Zhan Qianshan, Zeng Xiao-Jun, Wang Qian
Department of Computer Science, University of Manchester, Oxford Rd, Manchester, M13 9PL, United Kingdom.
Luca Healthcare R&D, Shanghai, 200000, China.
Neural Netw. 2025 May;185:107161. doi: 10.1016/j.neunet.2025.107161. Epub 2025 Jan 17.

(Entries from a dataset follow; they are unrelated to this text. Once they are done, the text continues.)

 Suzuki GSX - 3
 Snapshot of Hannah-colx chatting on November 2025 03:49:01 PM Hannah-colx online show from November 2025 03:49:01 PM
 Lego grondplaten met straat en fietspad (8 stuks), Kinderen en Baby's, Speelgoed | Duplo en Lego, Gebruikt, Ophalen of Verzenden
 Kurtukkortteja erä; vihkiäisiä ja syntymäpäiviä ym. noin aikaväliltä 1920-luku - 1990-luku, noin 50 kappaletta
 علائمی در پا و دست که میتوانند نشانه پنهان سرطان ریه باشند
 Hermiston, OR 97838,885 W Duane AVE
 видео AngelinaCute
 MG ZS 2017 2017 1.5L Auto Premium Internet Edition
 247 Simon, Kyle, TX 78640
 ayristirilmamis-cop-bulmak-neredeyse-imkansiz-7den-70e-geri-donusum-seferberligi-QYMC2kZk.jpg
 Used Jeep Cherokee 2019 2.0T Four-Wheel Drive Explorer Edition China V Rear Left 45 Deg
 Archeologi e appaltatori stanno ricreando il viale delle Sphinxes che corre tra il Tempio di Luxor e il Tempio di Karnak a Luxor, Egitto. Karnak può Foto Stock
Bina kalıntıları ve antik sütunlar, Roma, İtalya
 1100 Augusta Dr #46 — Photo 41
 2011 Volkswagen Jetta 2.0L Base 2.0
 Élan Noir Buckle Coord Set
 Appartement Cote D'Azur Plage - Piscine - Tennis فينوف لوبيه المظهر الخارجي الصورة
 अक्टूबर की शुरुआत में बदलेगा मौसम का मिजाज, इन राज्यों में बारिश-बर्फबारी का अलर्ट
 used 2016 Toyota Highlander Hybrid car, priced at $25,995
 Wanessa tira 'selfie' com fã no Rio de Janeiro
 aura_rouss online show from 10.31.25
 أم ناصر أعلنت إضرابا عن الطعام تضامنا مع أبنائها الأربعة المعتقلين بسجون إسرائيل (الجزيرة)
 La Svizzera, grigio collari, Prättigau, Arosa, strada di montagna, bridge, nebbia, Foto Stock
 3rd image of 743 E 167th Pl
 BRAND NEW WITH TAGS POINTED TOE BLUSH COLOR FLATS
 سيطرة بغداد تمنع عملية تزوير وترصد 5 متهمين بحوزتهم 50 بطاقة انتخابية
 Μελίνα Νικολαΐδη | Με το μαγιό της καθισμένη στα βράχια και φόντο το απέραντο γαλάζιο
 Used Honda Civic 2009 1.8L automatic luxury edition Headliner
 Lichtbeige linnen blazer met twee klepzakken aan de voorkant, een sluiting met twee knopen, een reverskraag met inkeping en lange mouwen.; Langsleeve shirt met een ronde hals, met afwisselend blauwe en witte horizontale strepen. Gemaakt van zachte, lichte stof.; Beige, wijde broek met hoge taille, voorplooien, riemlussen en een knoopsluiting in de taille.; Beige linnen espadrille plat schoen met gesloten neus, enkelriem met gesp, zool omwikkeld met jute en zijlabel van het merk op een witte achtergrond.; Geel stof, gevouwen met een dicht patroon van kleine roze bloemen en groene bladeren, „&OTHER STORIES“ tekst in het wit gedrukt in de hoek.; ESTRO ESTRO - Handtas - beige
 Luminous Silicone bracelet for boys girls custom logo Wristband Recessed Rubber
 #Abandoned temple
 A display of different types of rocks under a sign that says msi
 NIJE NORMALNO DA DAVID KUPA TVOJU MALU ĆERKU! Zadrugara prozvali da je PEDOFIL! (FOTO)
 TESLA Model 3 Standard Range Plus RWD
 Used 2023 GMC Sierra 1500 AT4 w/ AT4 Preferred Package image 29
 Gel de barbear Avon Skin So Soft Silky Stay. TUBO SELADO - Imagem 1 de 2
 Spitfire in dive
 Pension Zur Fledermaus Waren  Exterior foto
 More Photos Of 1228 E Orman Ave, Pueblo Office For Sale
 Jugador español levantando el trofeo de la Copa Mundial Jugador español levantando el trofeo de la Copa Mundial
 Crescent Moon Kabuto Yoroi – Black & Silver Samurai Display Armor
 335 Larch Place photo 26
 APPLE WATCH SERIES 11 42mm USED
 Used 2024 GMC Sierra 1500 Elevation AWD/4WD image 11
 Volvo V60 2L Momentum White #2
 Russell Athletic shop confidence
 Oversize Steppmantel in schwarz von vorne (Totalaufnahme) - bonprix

Due to data privacy and storage concerns, Source-Free Unsupervised Domain Adaptation (SFUDA) focuses on improving an unlabelled target domain by leveraging a pre-trained source model without access to source data. While existing studies attempt to train target models by mitigating biases induced by noisy pseudo labels, they often lack theoretical guarantees for fully reducing biases and have predominantly addressed classification tasks rather than regression ones. To address these gaps, our analysis delves into the generalisation error bound of the target model, aiming to understand the intrinsic limitations of pseudo-label-based SFUDA methods. Theoretical results reveal that biases influencing generalisation error extend beyond the commonly highlighted label inconsistency bias, which denotes the mismatch between pseudo labels and ground truths, and the feature-label mapping bias, which represents the difference between the proxy target regressor and the real target regressor. Equally significant is the feature misalignment bias, indicating the misalignment between the estimated and real target feature distributions. This factor is frequently neglected or not explicitly addressed in current studies. Additionally, the label inconsistency bias can be unbounded in regression due to the continuous label space, further complicating SFUDA for regression tasks. Guided by these theoretical insights, we propose a Bias-Reduced Regression (BRR) method for SFUDA in regression. This method incorporates Feature Distribution Alignment (FDA) to reduce the feature misalignment bias, Hybrid Reliability Evaluation (HRE) to reduce the feature-label mapping bias and pseudo label updating to mitigate the label inconsistency bias. Experiments demonstrate the superior performance of the proposed BRR, and the effectiveness of FDA and HRE in reducing biases for regression tasks in SFUDA.
由于数据隐私和存储问题,无源无监督域适应(SFUDA)专注于通过利用预训练的源模型来改进未标记的目标域,而无需访问源数据。虽然现有研究试图通过减轻噪声伪标签引起的偏差来训练目标模型,但它们往往缺乏完全减少偏差的理论保证,并且主要解决的是分类任务而非回归任务。为了填补这些空白,我们的分析深入研究了目标模型的泛化误差界,旨在了解基于伪标签的SFUDA方法的内在局限性。理论结果表明,影响泛化误差的偏差不仅包括通常突出的标签不一致偏差(即伪标签与真实标签之间的不匹配)和特征-标签映射偏差(即代理目标回归器与真实目标回归器之间的差异)。同样重要的是特征不对准偏差,它表示估计的目标特征分布与真实目标特征分布之间的不对准。这个因素在当前研究中经常被忽视或未得到明确解决。此外,由于标签空间是连续的,回归中的标签不一致偏差可能是无界的,这使得SFUDA在回归任务中更加复杂。基于这些理论见解,我们提出了一种用于回归中SFUDA的偏差减少回归(BRR)方法。该方法结合了特征分布对齐(FDA)以减少特征不对准偏差、混合可靠性评估(HRE)以减少特征-标签映射偏差以及伪标签更新以减轻标签不一致偏差。实验证明了所提出的BRR的优越性能,以及FDA和HRE在减少SFUDA中回归任务偏差方面的有效性。